Merry Christmas, by the way. It feels so nice to be able to say that in public again. Enjoy it while you still can. The libs are getting desperate and would like nothing more than to impose their depraved “Science Daddy” BDSM fantasies on the rest of us. I’ve had every single godforsaken variant of the ChiCom clap. I can still bench 315. Don’t get me wrong, I’m glad the libs decided to kill the #MeToo movement on behalf of President Dementia McGropeyhands and Gov. Nipples D’Alfredo. They can shut the hell up about everything else.
I have a few other thoughts about 2021, so I’m just going to list them below, if that’s alright with you.
• Is Hillary Clinton going to wait until Ghislaine Maxwell is convicted to snuff her out or what? I don’t understand the logic of delaying the inevitable. Granted, she’s not as spry as she used to be, but that didn’t stop her from sending Major the White House German Shepherd to “live in a quieter environment with family friends.”
• Too many perverts working at CNN these days. Even for a media company, that’s just ridiculous.
• Bosnian meat is the best meat. The mainstream media doesn’t want you to know this.
• I could be persuaded to get the vaccine if Donald Trump was personally involved in the process. I wouldn’t let him give me the shot but I’d definitely feel more comfortable if he was in the room and watching the whole time.
• These mask mandates have really messed with our heads. For example, I can’t stop congratulating strangers for having a “great mouth” when they remove their mask in my presence. I know how creepy it sounds, I just can’t help it. If they don’t take it off, I just keep trying to imagine what their mouth looks like underneath. It’s all I ever dream about these days. Surely I’m not the only one?

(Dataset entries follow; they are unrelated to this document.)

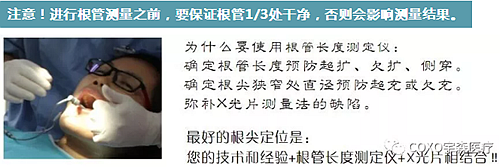 多频技术的根管长度测定仪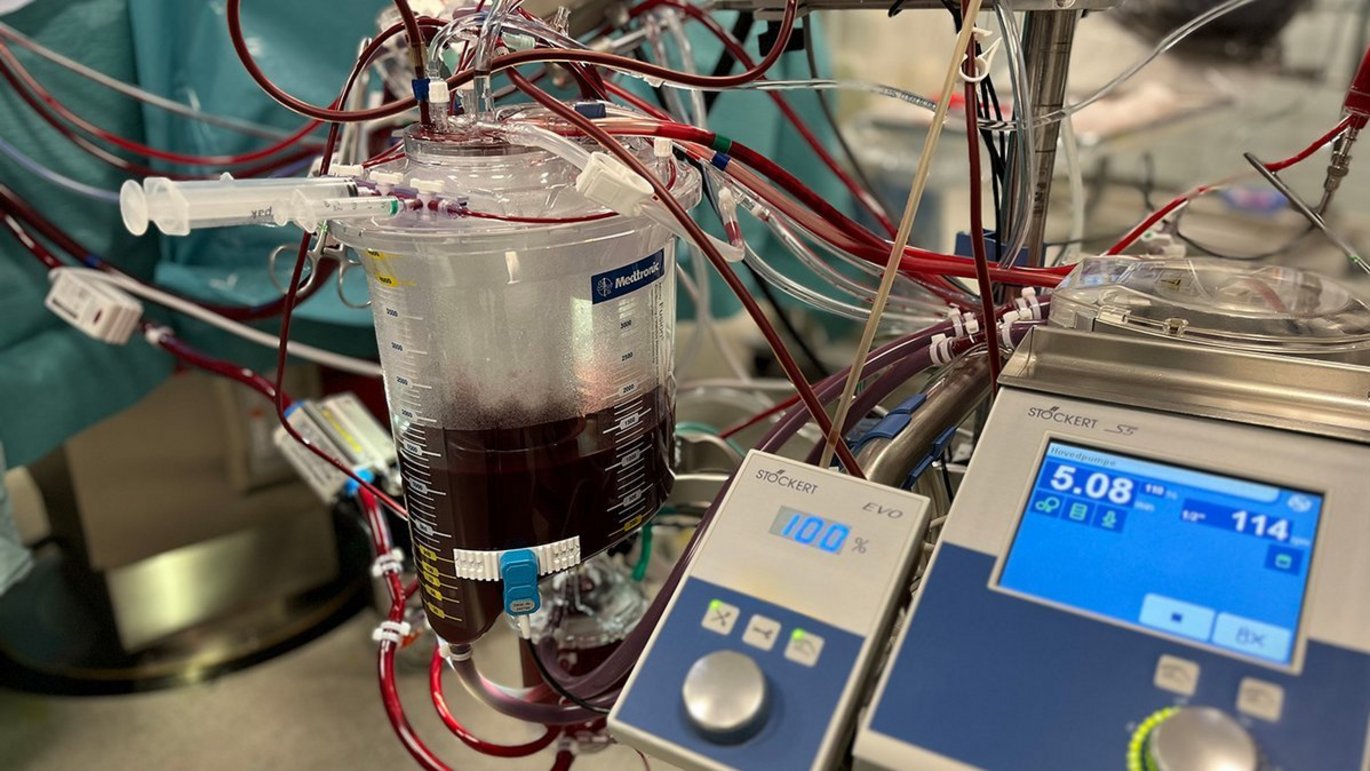 A perfusionist is responsible for the heart-lung machine, which maintains the patient’s circulation and oxygenation during open-heart surgery.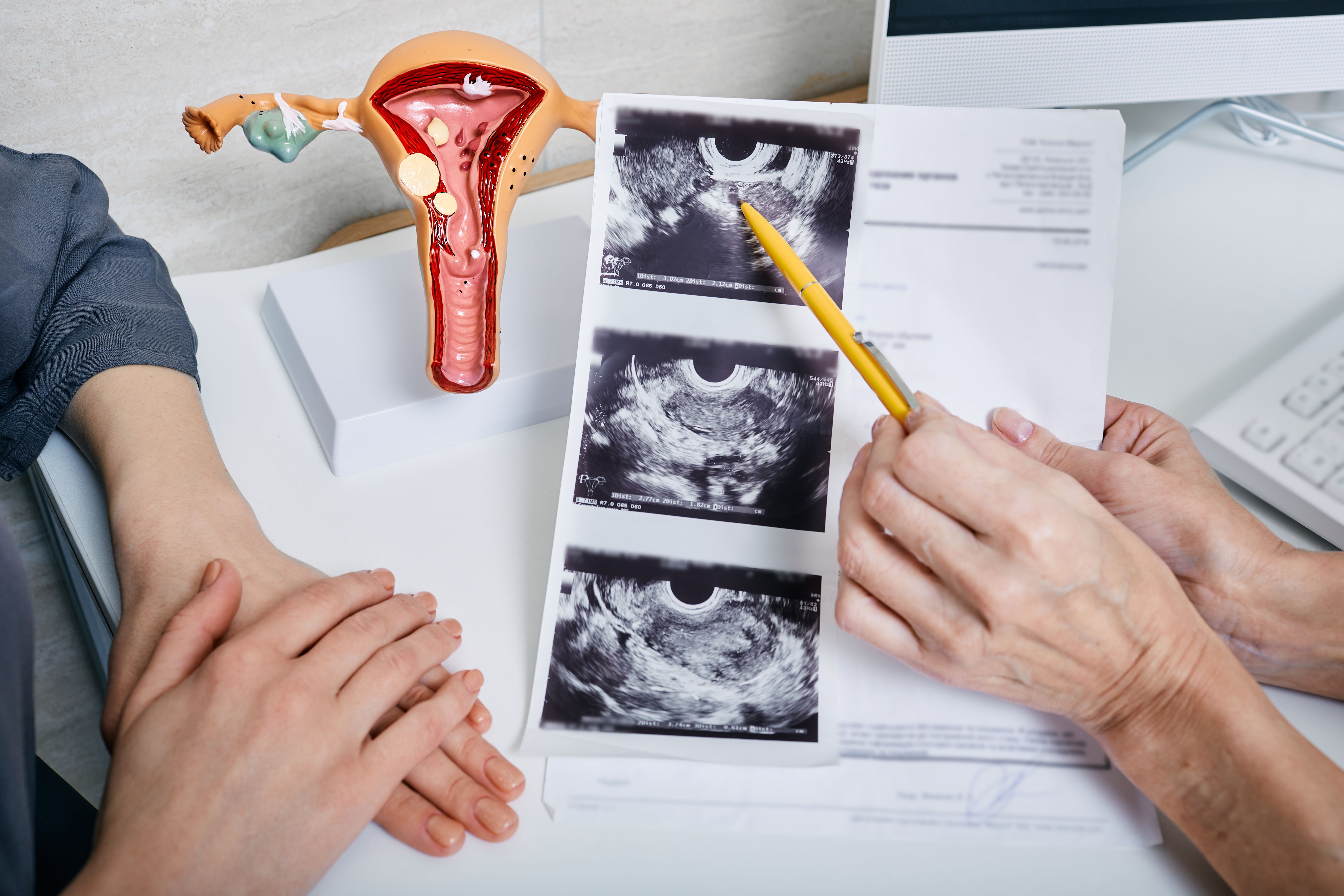 Model and ultrasound images showing uterine fibroids -- Image credit: Peakstock | stock.adobe.com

• I couldn’t have made it through the year without the following tunes: “Wildest Dreams (Taylor’s Version)” by Taylor Swift, “Permission to Dance (R&B Remix)” by BTS, “Thot Shit” by Megan Thee Stallion, and “Let Her Cry” by Hootie & The Blowfish.
• Vin Diesel is a living legend. At the age of 54, his virtuoso performance in F9 was a more impressive achievement than Tom Brady winning his seventh Super Bowl.
• If I hadn’t already lost almost $20 million on a dark web Reaper drone scheme, I’d pay at least that much to watch Jake Sullivan fight Jared Kushner in The Octagon.
• You don’t have to be a communist to admit that Alexandria Ocasio-Cortez is a certified smokeshow, but Kyrsten Sinema has a prettier mouth and it’s not even close.